**Task description**:
Could you transcribe exactly the lines from the one containing "11325 Laidlaw Rd, Portland, OR 97229-2513" through the last line of the records below, leaving out the pictures?

**Data provided**:

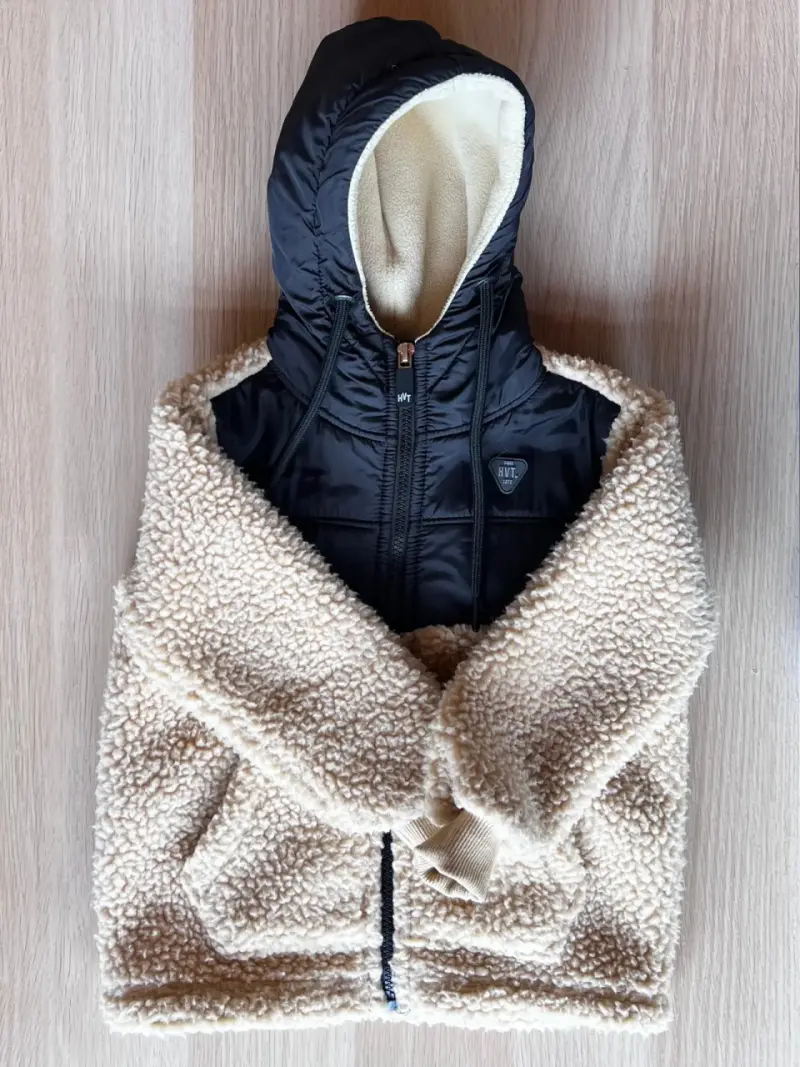 Chaqueta de niño con capucha y forro polar - 2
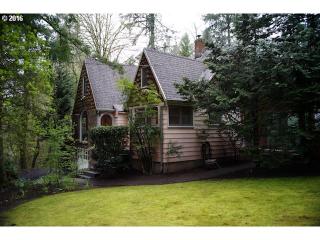 11325 Laidlaw Rd, Portland, OR 97229-2513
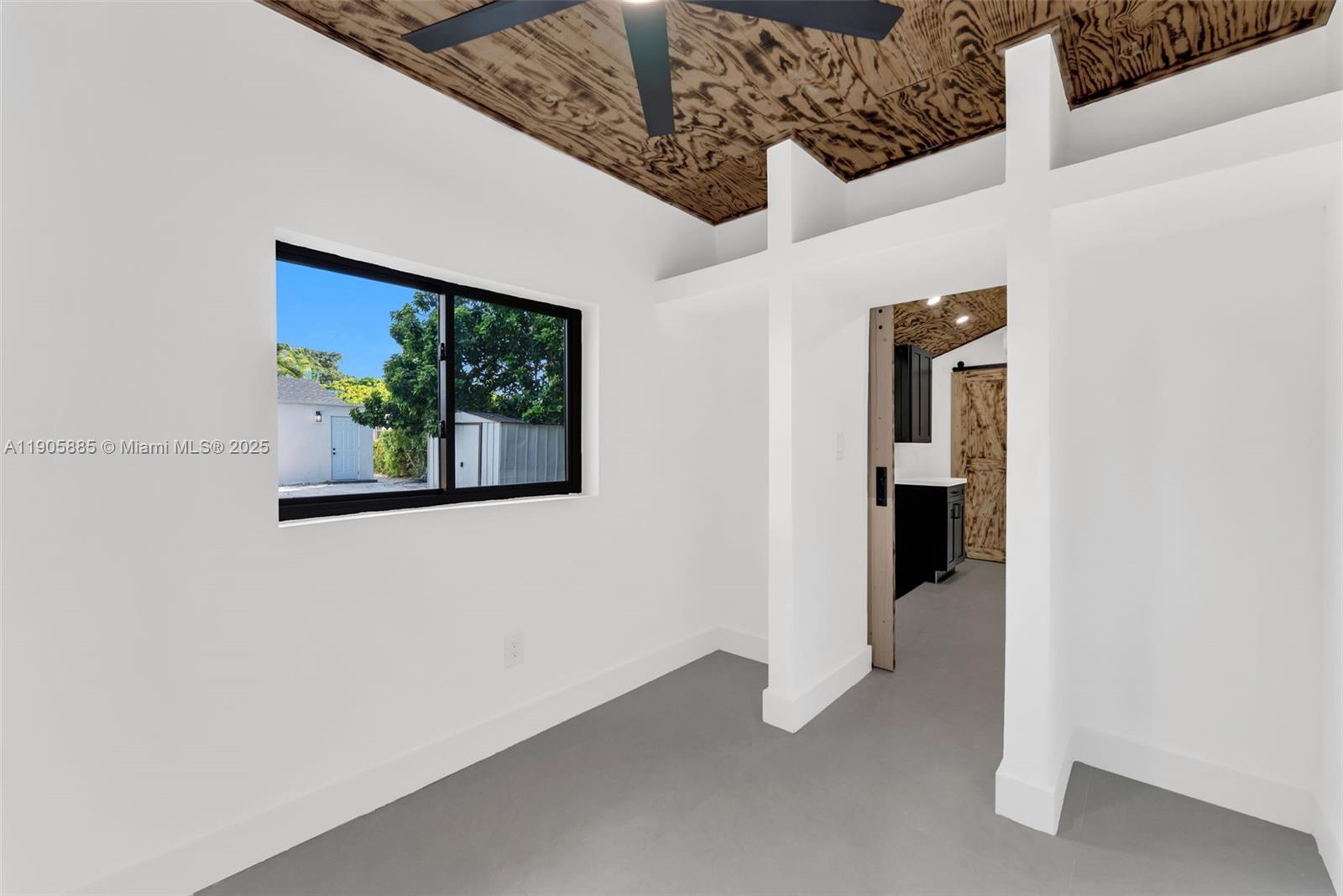 WEST BISCAYNE - Residential Income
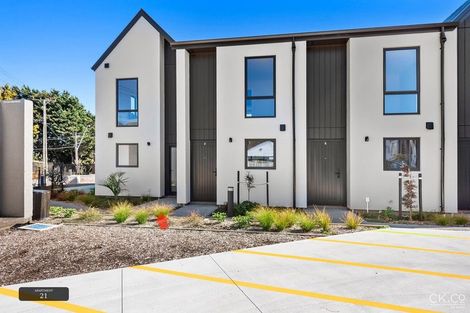 Photo of property in 130 Cambridge Terrace, Fairfield, Lower Hutt, 5011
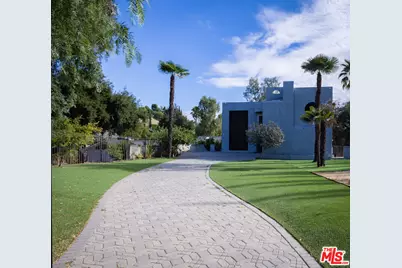 21329 Mulholland Dr, Woodland Hills, CA 91364 - Photo 1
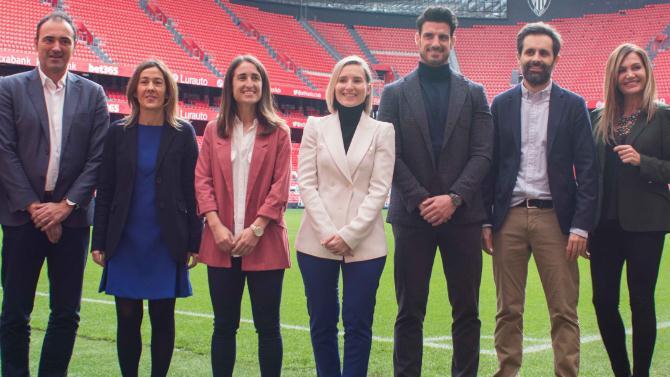 F: Leadershipwomanfootball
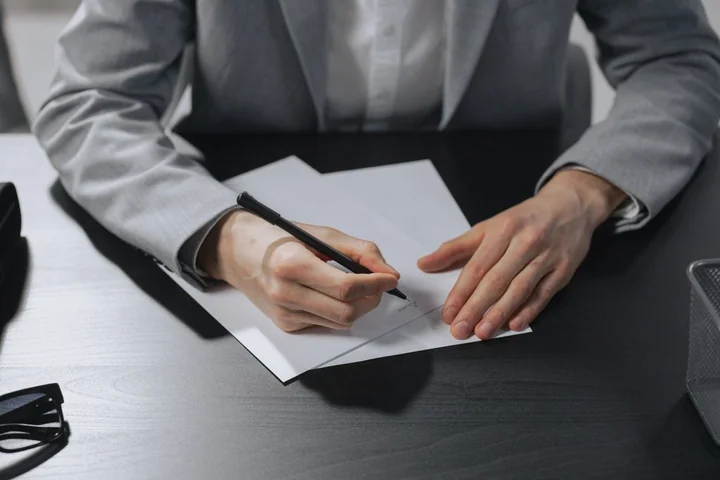 Testament — jakie formy są dopuszczalne i kiedy może być nieważny?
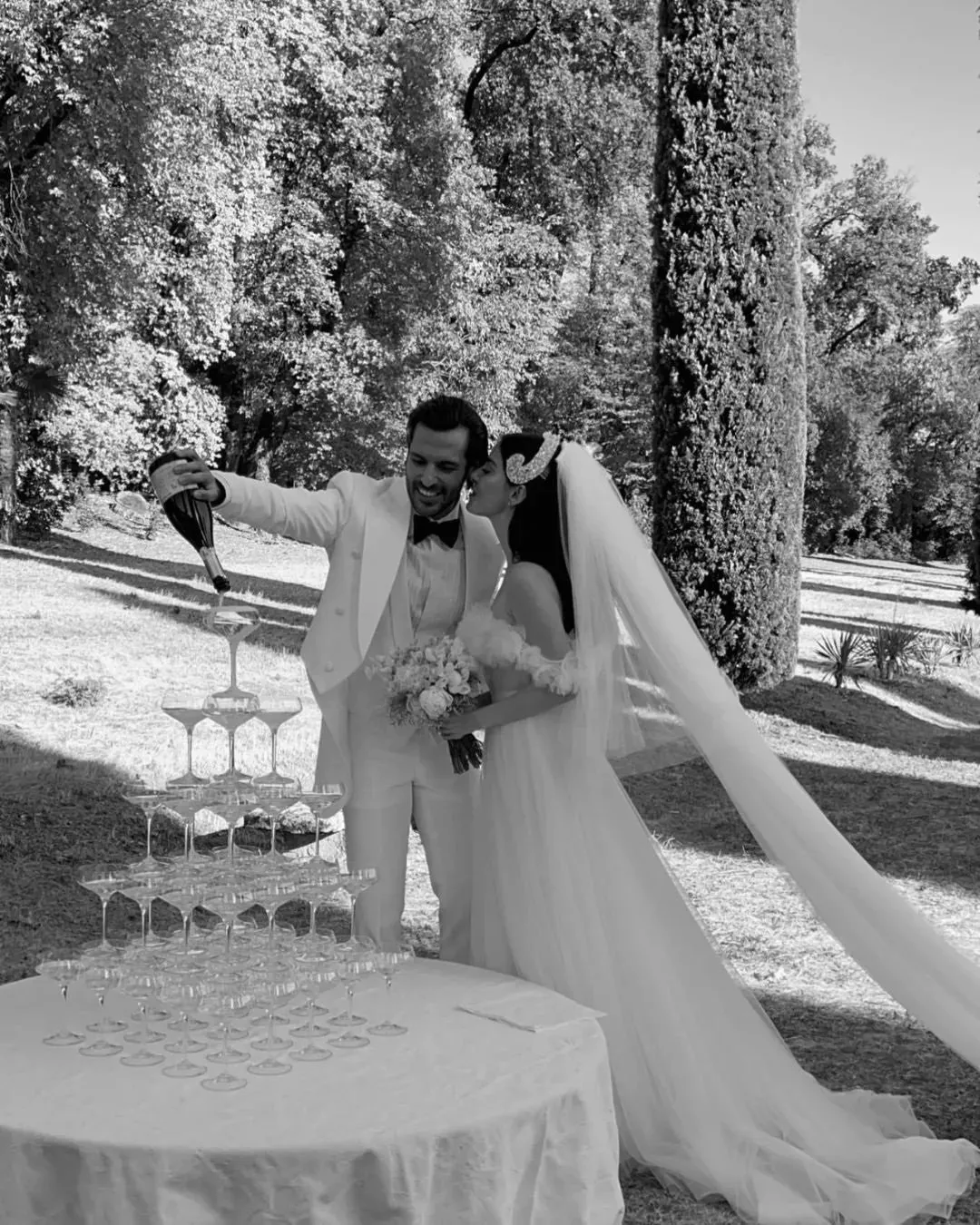 صور زفاف اوزجي جوريل وسيركان تشاي اوغلو في إيطاليا والعروس تطلّ بفستانين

**Answer to the exercise**:
 11325 Laidlaw Rd, Portland, OR 97229-2513
 WEST BISCAYNE - Residential Income
 Photo of property in 130 Cambridge Terrace, Fairfield, Lower Hutt, 5011
 21329 Mulholland Dr, Woodland Hills, CA 91364 - Photo 1
 F: Leadershipwomanfootball
 Testament — jakie formy są dopuszczalne i kiedy może być nieważny?
 صور زفاف اوزجي جوريل وسيركان تشاي اوغلو في إيطاليا والعروس تطلّ بفستانين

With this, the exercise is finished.